If you really can't get two rats, I'd suggest a Syrian hamster instead, as they are solitary and need to be kept alone.


----------



## Nazarath (Feb 20, 2007)

*I agree with Kimmiekins if you can't get two go for the hammy. If your worried about 2 rats being more work that one, They really aren't. I have 5 boys in one cage together and it's like when I just had two lol, I just get more food & toys. I also must agree I LOVE rats they are awesome pets and are very loving. If you do get two ratties you can learn a lot on here . Also the best places to get rats are from breeders or rescues. Some petstores have been ok, I believe the locally owned petstores take better care of their animals. Everyone else can give you their input because I'm lucky and have a faimly ownd petstore which I wouldn't trade for anything. *


----------



## tattered_teddy_bear (Apr 24, 2007)

I would go for 2 rats. Hamsters are more nippy and rat are MUCH better with young children. I always suggest this to family's that come into the pet store i work at. Hamsters tend to sleep, a LOT. Since they're smaller children have a tendency to SQUEEZE them as the hamster's try to get away, resulting in bites. RATS on the other had generally want attention and to be picked up and played with. I agree 2 rats is much better, they are more people social in pairs as well, i've found that when i was looking for company for my Louie he had a tendency to sleep and be more shy with everyone that romped through my house. Rats are like having a small dog, they get very attached and need human attention. How old is your son? how much time are you willing to spend with the animal? I've found that though kids start out always playing with their animals the time spent decreases and the animals are left alone. i would suggest 2 rats if their's much play time and socializing. I think Mice are better then hamsters, less nippy, and they don't need a lot of playtime, infact they much enjoy playing with each other with toys you give them then actual human play. As a child i had hamsters, mice, rabbits, cats and dogs. now that i have rats i realize how much i missed when i was a kid. out of small animals i enjoy rats and mice the most. Hamsters are fun, but just very shy, and in my opinion, boring, they sleep most of the time, when they're woken up, they're NOT happy and will most likely bite if startled. Rats learn and are gentle when trained/social.

sorry for the ramble!! but i'd DEF go with 2 rats if you and your son have the time.


----------



## DonnaK (Feb 8, 2007)

What the others say - 2 rats would be the best option. If you really can't, then go for the hamster.
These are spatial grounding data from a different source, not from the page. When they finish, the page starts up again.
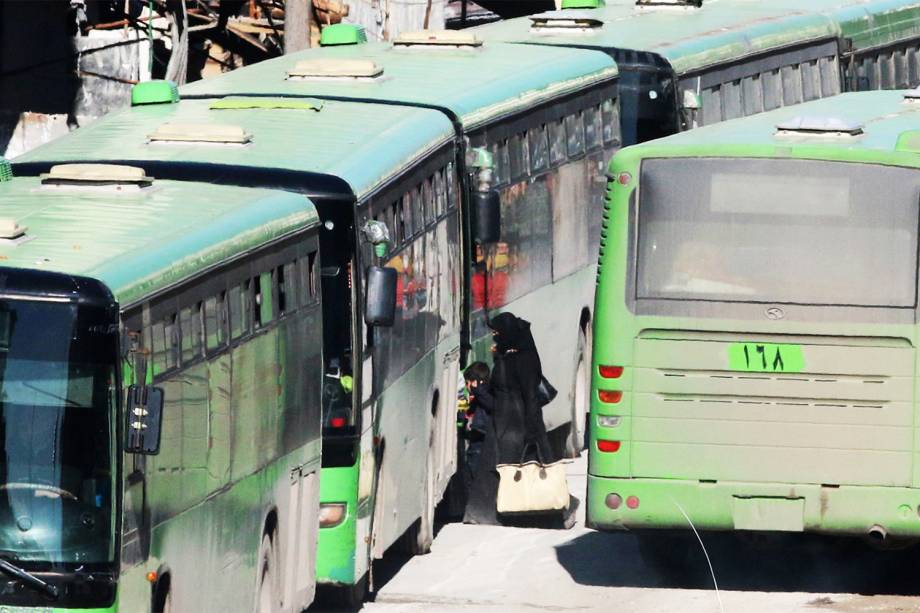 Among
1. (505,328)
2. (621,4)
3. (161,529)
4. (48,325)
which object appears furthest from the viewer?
(621,4)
You shouldn't keep a solitary rat; it's not fair to the rat, or healthy for them.


----------



## dkirschling (Mar 20, 2007)

On a related note, be sure you're getting a nice big tank or cage for your rats. Not even one rat should be kept in a standard "hamster tank". There's plenty of posts about rat homes on the forum!


----------



## rodentmom (Jun 3, 2007)

Thanks so much guys. My son is 11 and this will be his pet. In the past, our pets have all been mine as I didn't expect him to care for them alone. He was great with our hamster and I think that he would prefer a hamster. I'm the one pushing for a rat...I agree with everyone here. They sound like great pets. But, he gets to pick this one. You've convinced me to get 2 rats, though, if we go in that direction. Thanks again.


----------



## Forensic (Apr 12, 2007)

The main difference between rats and hamsters is that rats will interact with you more. You can take them out of the cage, play with them, let them roam a rat-proofed room, etc. I've never had quite as much fun with my hamsters in the past. :lol: But, if he doesn't want a rat, he may not take care of it.


----------



## Holly (Dec 31, 2006)

Hi! I'm kind of the "odd man out" on this board, because I have an unusual schedule that allows me the time I need to have only one rat. I am copying two posts from another thread that I made on the subject, just to share my point of view. It boils down to, if you don't get a best friend for your rat, then you have to have the time and dedication to be his best friend, all the time, or he will get very lonely.

-------------------------------

[Excerpted from another thread.]

In some cases, I believe that it is OK to have just one rat...but then, you have to take your commitment to your rat ~very~ seriously.

Here are some plusses and minuses of having a lone, male rat, from the owner of a lone, male rat. (Before him, I also had a lone, male rat.)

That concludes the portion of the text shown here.